1. The Confirmation Objections are SUSTAINED in substantial part as reflected in the within Opinion.

2. Confirmations of the Chapter 13 Plans of each of the Debtors are DENIED.

3. The Claims Objections of Driggins and Day are SUSTAINED IN PART. The CHA’s claim against Driggins is allowed in the amount of $978.81 as a general unsecured claim and $167 as a priority claim, or a total of $1,145.81. The CHA’s claim against Day is allowed in the amount of $4,298.60 as a general unsecured claim and $1,049.00 as a priority claim, or a total of $5,347.60.

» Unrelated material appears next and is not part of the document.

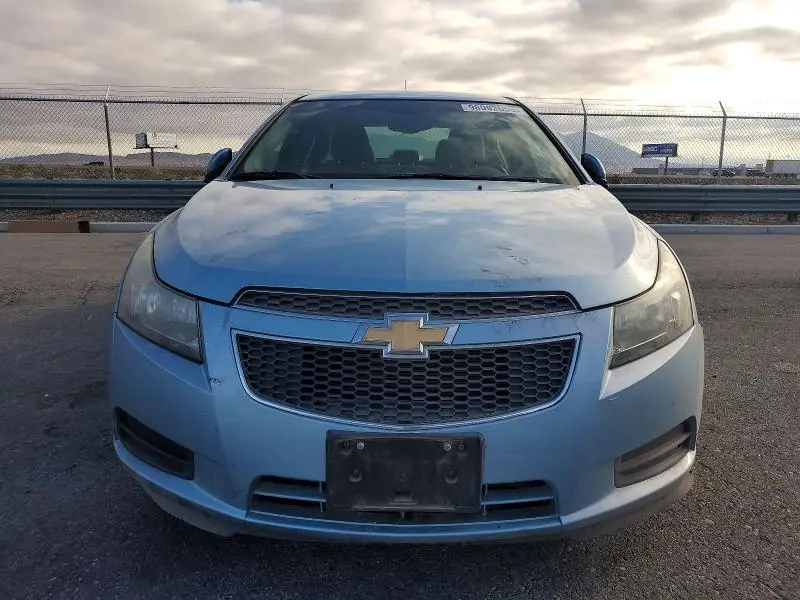 2011 CHEVROLET CRUZE LT  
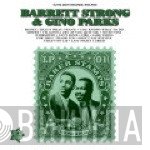 Barrett Strong, Gino Parks - Rarer Stamps 01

4. The Debtors shall resolve all outstanding impediments to Confirmation, including those identified in the foregoing Opinion, by filing and serving Amended Plans in all respects consistent with this Opinion and, in the case of Debtor Whitaker, also filing and serving an objection to the proof of claim of the CHA, on or before May 23,1997, or these cases will be dismissed.

5. A final hearing to consider confirmation of any Amended Plans filed in conformity with this Order, dismissal of these eases if this Order or other attendant circumstances justify same, a hearing on any Objection to CHA’s proof of claim against her filed by Whitaker, and hearings to further consider whether the Motions should be granted at that time, are all scheduled on

THURSDAY, JUNE 19, 1997, AT 9:30 а.m.

and shall be held in bankruptcy Courtroom No. 1, Second Floor, 900 Market Street, Philadelphia, PA 19107.

б. No continuances of the aforementioned deadlines or hearings should be anticipated, and these cases will in all probability be dismissed on June 19, 1997, if Chapter 13 plans cannot be confirmed on that date. 
      
      . Another non-discriminatory basis for seeking relief from the automatic stay was articulated in In re Lutz, 82 B.R. 699 (Bankr.M.D.Pa.1988). It is not violative of § 525(a) for a governmental unit to take action against a chapter 7 debtor when a debtor has materially defaulted on its [sic] prepetition obligations under a lease. A landlord (in this instance HACP) is excused from further performance and may seek relief from the automatic stay to take action to evict the debtor, who has no reasonable expectation that the landlord will (or must) continue to maintain its relationship with the debtor. Election by the landlord to seek relief from [sic] stay to terminate the relationship when the debtor has defaulted is not discriminatory per se. 82 B.R. at 704.
     
      
      . This right to pay a rental which is often far below the market rate for the poorest tenants explains why the Debtors endeavor to hold onto their public housing tenancies despite the presence of severely defective conditions in such units. These tenants are unable to afford superi- or housing available on the open market.
     
      
      . This Code section requires a debtor to pay each allowed unsecured claimant the amount of the claim payable if the debtor’s estate were liquidated under Chapter 7. Since the Debtor could not receive a discharge of any of her debts, including the post-1994 Case-discharge rent owed to the PHA, in a Chapter 7 case, see 11 U.S.C. § 727(a)(8), payment by the Debtor of all of her post-1994 Case rent in her Chapter 13 plan is necessary to obtain a discharge of this obligation and retain her public housing unit.